_Aim of the task_. Transcribe all of the records word for word, but omit the pictures.

_Given data_.

========

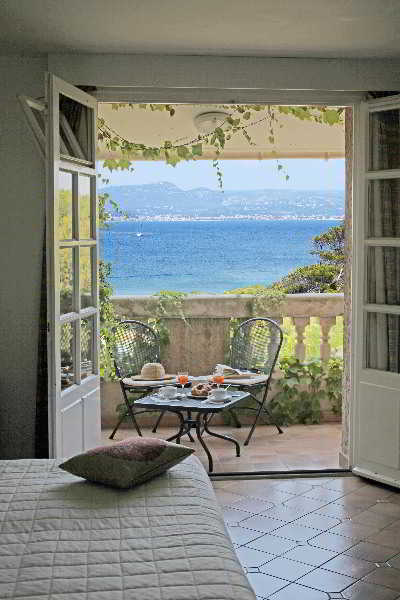Room
 di RELAIS DU SILENCE LE Canoubié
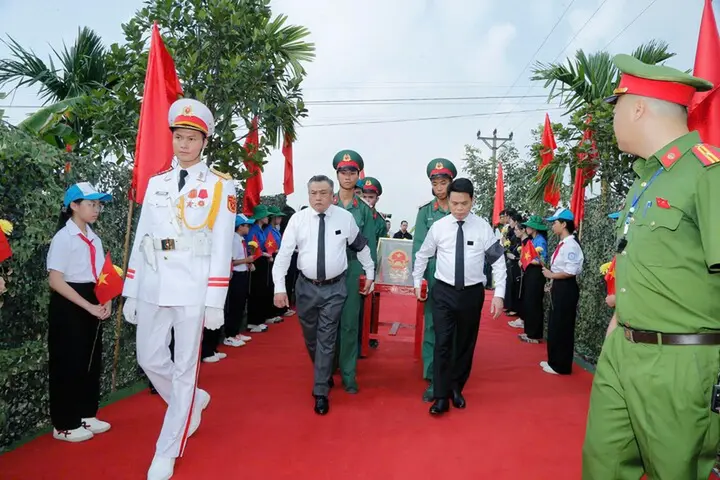Xúc động lễ truy điệu, an táng 56 hài cốt liệt sĩ và đồng bào tử nạn ở Hải Phòng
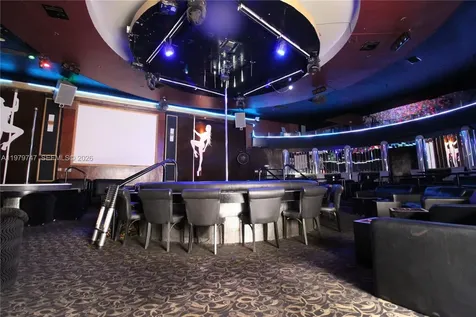 1527 Washington Avenue Miami Beach FL 33139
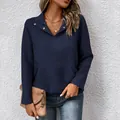 Donkerblauw gewatteerd damessweatshirt met opstaande kraag met knopen en kangoeroezak - Marineblauw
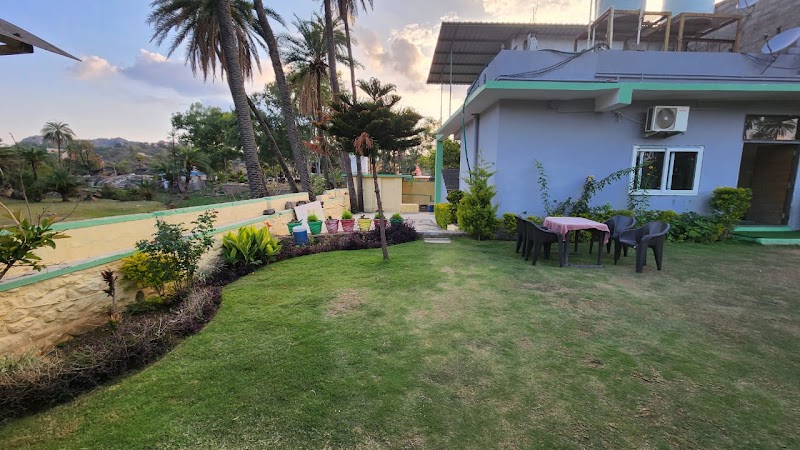 Divine Villa - Divine Villa dhunndai road, opp. akashwani kendra, near neelkanth tample, Dhundayi, Mount Abu, Rajasthan 307501, India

========

_Output for this task_.
Room
 di RELAIS DU SILENCE LE Canoubié
Xúc động lễ truy điệu, an táng 56 hài cốt liệt sĩ và đồng bào tử nạn ở Hải Phòng
 1527 Washington Avenue Miami Beach FL 33139
 Donkerblauw gewatteerd damessweatshirt met opstaande kraag met knopen en kangoeroezak - Marineblauw
 Divine Villa - Divine Villa dhunndai road, opp. akashwani kendra, near neelkanth tample, Dhundayi, Mount Abu, Rajasthan 307501, India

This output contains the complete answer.